Из-за отсутствия чего-либо похожего на нормальную дисциплину на судне царил величайший беспорядок. Капитана, вследствие болезни с некоторого времени почти не покидавшего своей каюты, видели редко. Однако старший помощник проявлял энергию молодого льва и носился по палубам, давая о себе знать в любое время. Бембо, новозеландец-гарпунщик, мало с кем общался, кроме старшего помощника, свободно говорившего на его тарабарском языке. Часть времени Бембо проводил на бушприте, ловя на костяной крючок тунцов; а иногда среди ночи он будил всю команду, в одиночестве отплясывая на баке какой-то танец людоедов. Но в общем он был на редкость спокойным человеком, хотя что-то в его взгляде давало основание считать его далеко не безобидным.
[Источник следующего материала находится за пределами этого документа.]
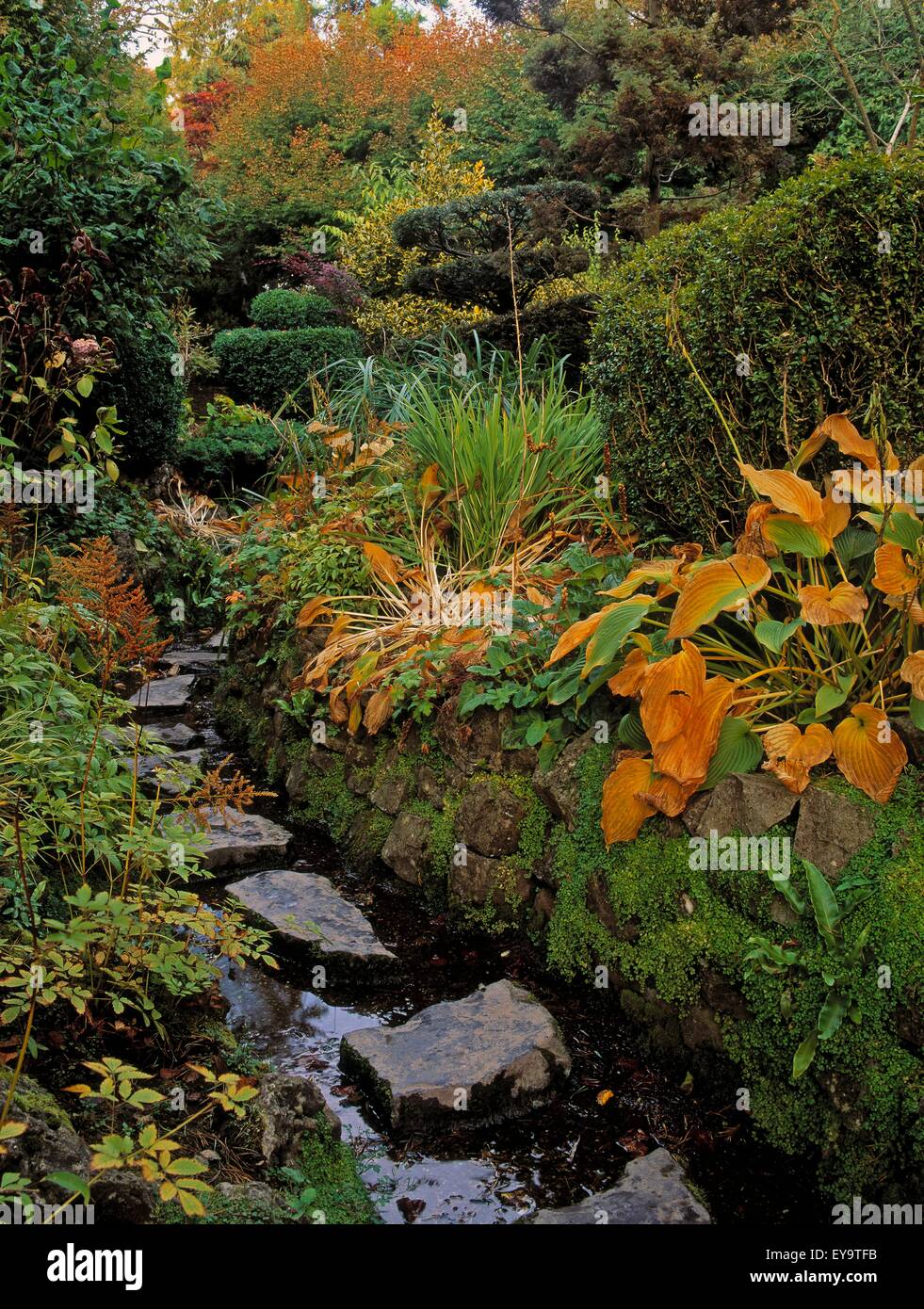 Tully Giardini Giapponesi, Co Kildare, Irlanda; giardino giapponese Foto Stock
Доктор Долговязый Дух, вручив письменное заявление об отказе от должности судового врача, объявил себя пассажиром, следующим в Сидней, и ко всему относился совершенно беззаботно. Что касается команды, то те, кто был болен, казались изумительно довольными для людей в их положении, а остальным и горя было мало, что на судне царит всеобщая распущенность, и никто не думал о завтрашнем дне.
Провизия на «Джулии» была отвратительна. Когда открывали бочку со свининой, мясо имело такой вид, словно его сохраняли в ржавчине, и от него воняло, как от протухшего рагу. Говядина была еще хуже: волокнистая масса цвета красного дерева, такая жесткая и безвкусная, что я почти поверил рассказу кока о том, как в одной бочке из рассола выловили лошадиное копыто вместе с подковой. Немногим лучше были и сухари; почти все они раскрошились на мелкие, твердые, как кремень, кусочки, сплошь источенные — словно черви, обычно заводящиеся в этом продукте питания во время продолжительных плаваний в тропиках, пробуравив отверстие в поисках пищи для себя, вылезли с противоположной стороны, ничего не обнаружив.